# In Search of Musical Truth



## millionrainbows (Jun 23, 2012)

CP tonality is based on acoustic factors, because of the scale of consonance and dissonance in intervals (see chart in my blogs). It is a system _based _on these harmonic principles, but it takes these "vertical" intervals and _spreads them out over time horizontally, and gives functions to them._ This requires cognition and memory, applied over time. Thus, it is just as much a _"hidden system"_ as serialism or fractal composition, or any of the "pseudo-scientific" methods. For a listener to follow the harmonic scheme of a Beethoven symphony is just as arbitrary and cerebral as serial music. The only thing that makes CP tonality "seem" more "apparent" and comprehensible is the vertical sounding of harmonies and triads, along with rudimentary language-like phrasing. Debussy likewise seems comprehensible to many, because he uses "harmonic mechanisms" like triads based on thirds; there is no CP tonal function.

This is because the only harmonic "truth" which is intuitively and instantly comprehended by the ear/brain are intervals sounded simultaneously, as the harmonics of a "root" or fundamental note.

Therefore, if we are searching for "natural truth" in music, then North Indian raga is more "truthful, because it does not modulate, and is always in reference to a "drone" which is constant and always audible to the ear/brain. In fact, Schenkerian analysis is monotonal; the "truth" leads back to _one note and its harmonics.
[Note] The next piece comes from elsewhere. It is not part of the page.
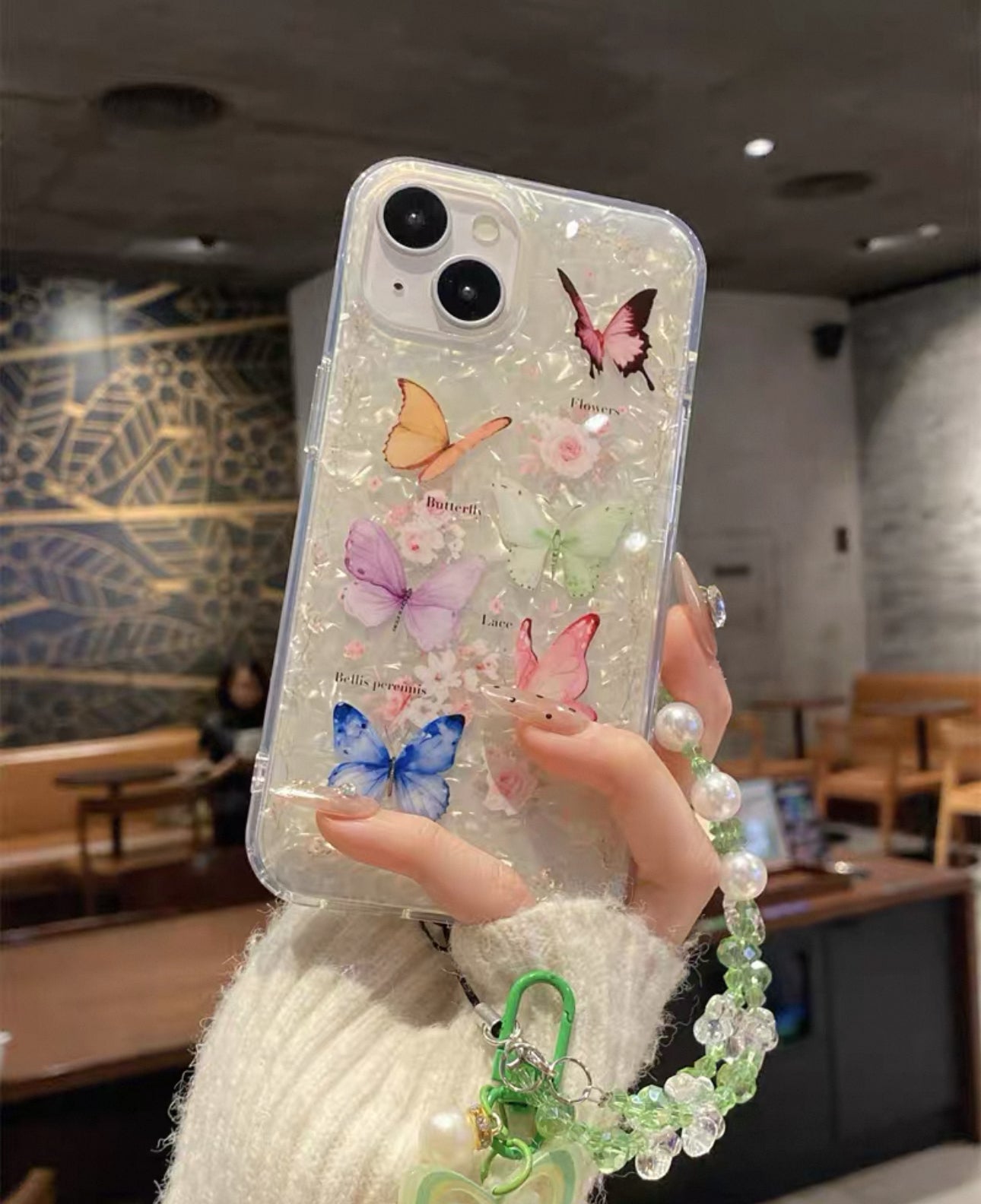 Butterfly with shell shiny iPhone case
_20th century music has its own logic and methods, much of it based on symmetry rather than being directly derived, as CP tonality is, to strictly vertical harmonic factors; _but music is more than the sensual vibrations of the eardrum; it involves cognition through time as well. 
_
If the insistence on "totally natural and apparent" music were really the case, then ET would not exist, and we'd all be listening to La Monte Young's perfectly-tuned pure intervals.


----------